On Saturday, Oct. 1, the United States formally ceded control of the Internet’s core systems, specifically the directories that aid web browsers and applications in locating search topics, to what has been described as a “a non-profit oversight organization.”
One story published on Oct. 3 at http://www.ibtimes.com/who-controls-internet-us-government-hands-over-control-icann-2425491 names the new oversight group as a “California-based multi-stakeholder,” the Internet Corporation for Assigned Names and Numbers (ICANN).

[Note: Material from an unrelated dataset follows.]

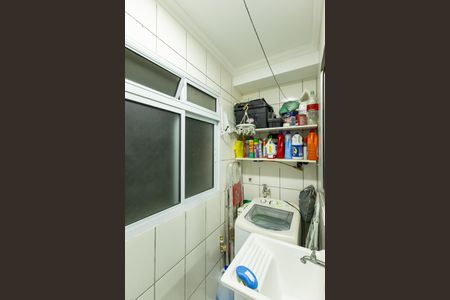 Apartamento à venda com 57m², 2 quartos e 1 vagaÁrea de Serviço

The story, written by New York journalist Susmita Baral, in part reads, “As of Saturday, the American government is no longer in charge despite the efforts of conservative lawmakers. Instead, an almost 20-year-old California-based ‘multi-stakeholder’ nonprofit, called the Internet Corporation for Assigned Names and Numbers (ICANN), is in control.”
The ramifications remain largely speculative, ranging from apocalyptic to ho-hum, nothing-to-see-here. There’s no true consensus on what lies ahead.
In another tech matter, however, cybersecurity in the trucking industry is looked at closely.
A story posted at https://www.trucks.com/2016/09/29/trucking-economic-cybersecurity-risk/ outlines some of issues involved.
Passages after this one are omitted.